Mark Davis is in West Papua where he is followed by the military and gets cameras into a prison to hear about human rights abuses.

2014-06-02_2100Tonight on Dateline journalist Mark Davis is in West Papua where he breaks away from his minders, is followed by the military and gets cameras into a prison to hear about human rights abuses under the Indonesian government.

The often violent fight for West Papuan independence from Indonesia may be one of the most significant conflicts in South East Asia – but it’s also one of the least reported.

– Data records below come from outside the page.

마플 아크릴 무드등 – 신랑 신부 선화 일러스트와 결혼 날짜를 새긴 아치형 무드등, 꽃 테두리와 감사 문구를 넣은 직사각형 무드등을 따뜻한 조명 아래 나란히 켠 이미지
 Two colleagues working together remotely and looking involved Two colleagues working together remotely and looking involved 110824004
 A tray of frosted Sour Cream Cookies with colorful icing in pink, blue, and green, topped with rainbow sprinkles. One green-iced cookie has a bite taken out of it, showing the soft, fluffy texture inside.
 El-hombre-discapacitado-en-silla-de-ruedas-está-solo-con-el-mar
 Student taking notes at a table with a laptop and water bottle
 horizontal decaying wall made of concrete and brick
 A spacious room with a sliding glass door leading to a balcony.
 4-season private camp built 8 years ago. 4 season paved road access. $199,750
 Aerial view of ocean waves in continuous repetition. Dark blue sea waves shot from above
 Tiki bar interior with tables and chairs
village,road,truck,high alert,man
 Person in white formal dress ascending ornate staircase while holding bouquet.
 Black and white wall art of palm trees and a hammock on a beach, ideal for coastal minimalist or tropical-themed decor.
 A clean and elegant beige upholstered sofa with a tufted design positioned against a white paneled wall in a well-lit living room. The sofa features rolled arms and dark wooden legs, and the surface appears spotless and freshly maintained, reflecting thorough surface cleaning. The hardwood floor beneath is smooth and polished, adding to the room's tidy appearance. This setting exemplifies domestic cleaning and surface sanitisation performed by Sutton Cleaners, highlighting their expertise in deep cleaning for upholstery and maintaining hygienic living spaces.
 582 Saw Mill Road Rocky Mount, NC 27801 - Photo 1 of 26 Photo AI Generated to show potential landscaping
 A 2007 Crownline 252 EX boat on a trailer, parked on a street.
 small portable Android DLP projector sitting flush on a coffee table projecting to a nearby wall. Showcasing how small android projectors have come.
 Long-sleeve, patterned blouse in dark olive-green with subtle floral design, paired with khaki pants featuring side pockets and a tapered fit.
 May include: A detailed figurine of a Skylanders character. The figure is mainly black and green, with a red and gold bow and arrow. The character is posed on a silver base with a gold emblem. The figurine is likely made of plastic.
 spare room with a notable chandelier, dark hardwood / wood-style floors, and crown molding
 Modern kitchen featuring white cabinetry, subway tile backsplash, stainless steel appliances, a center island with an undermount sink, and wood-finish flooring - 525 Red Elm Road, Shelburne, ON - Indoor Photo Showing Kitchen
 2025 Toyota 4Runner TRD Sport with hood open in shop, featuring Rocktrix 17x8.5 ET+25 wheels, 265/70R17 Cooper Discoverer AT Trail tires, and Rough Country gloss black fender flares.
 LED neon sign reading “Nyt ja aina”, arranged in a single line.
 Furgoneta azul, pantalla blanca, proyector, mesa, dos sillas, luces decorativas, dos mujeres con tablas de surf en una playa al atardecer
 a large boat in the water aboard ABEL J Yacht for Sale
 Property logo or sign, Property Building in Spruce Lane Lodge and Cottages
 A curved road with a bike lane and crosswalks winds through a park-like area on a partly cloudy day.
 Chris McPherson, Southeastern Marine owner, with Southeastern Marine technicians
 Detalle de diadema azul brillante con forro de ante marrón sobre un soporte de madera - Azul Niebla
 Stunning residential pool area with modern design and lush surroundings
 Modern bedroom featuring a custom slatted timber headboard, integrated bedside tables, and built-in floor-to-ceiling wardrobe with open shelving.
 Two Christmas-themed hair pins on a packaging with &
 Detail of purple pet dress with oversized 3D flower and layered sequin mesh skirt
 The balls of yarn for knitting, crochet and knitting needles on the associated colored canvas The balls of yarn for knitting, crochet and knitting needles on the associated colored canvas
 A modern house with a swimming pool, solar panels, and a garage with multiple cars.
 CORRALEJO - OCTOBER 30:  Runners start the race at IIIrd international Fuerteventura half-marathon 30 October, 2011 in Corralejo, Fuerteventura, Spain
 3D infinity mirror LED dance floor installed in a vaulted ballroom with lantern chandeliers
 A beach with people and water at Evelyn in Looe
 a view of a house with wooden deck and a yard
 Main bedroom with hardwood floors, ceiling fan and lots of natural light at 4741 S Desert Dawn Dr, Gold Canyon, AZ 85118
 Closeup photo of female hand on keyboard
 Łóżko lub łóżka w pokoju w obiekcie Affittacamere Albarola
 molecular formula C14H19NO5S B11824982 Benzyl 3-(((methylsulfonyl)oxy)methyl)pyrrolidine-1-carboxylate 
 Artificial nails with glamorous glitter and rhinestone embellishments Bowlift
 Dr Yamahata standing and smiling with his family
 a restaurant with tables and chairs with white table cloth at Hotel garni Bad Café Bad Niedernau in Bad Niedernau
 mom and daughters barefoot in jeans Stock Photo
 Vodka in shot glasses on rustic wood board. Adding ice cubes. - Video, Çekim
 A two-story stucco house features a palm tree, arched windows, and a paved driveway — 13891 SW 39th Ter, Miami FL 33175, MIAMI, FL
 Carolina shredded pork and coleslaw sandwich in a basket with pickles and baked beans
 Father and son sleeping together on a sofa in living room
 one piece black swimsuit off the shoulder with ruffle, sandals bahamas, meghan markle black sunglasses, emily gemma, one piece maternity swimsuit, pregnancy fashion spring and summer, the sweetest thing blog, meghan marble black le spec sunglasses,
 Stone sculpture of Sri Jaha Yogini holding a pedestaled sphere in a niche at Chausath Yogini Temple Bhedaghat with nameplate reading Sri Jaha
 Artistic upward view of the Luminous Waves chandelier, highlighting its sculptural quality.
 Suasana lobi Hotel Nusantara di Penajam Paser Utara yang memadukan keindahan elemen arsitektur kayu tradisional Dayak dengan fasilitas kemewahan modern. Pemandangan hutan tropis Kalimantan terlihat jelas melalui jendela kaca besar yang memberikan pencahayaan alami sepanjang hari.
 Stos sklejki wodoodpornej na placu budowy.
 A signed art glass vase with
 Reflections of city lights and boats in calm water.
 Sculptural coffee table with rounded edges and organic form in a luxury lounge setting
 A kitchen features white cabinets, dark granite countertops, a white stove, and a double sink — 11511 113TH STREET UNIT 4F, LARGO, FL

This week on Dateline, Mark Davis gains incredibly rare access to West Papua to test the Indonesian government’s claims that it’s softened its stance against West Papuan activists and that conditions have improved in the notoriously volatile region.

Forty-five years on from the start of West Papua’s uneasy union with Jakarta, Davis unearths stories of recent beatings, torture and killing of independence protesters.

His guides are two former members of the armed West Papuan resistance movement – Franz Albert Joku and Nick Messet – who have now taken Indonesian citizenship and work as advisors to the Indonesian government.

They believe the fight for independence has failed and that the way forward is to work for increased rights for ethnic Papuans under Indonesian rule.

“Things have largely improved”, Joku says. “Independence is not necessarily the answer”.

Davis breaks away from his minders, but discovers he’s being closely followed by the military.

He nonetheless manages to smuggle a camera into a prison to hear from West Papuan political prisoners, including Filep Karma who was jailed with a 15 year sentence for simply raising the Morning Star flag.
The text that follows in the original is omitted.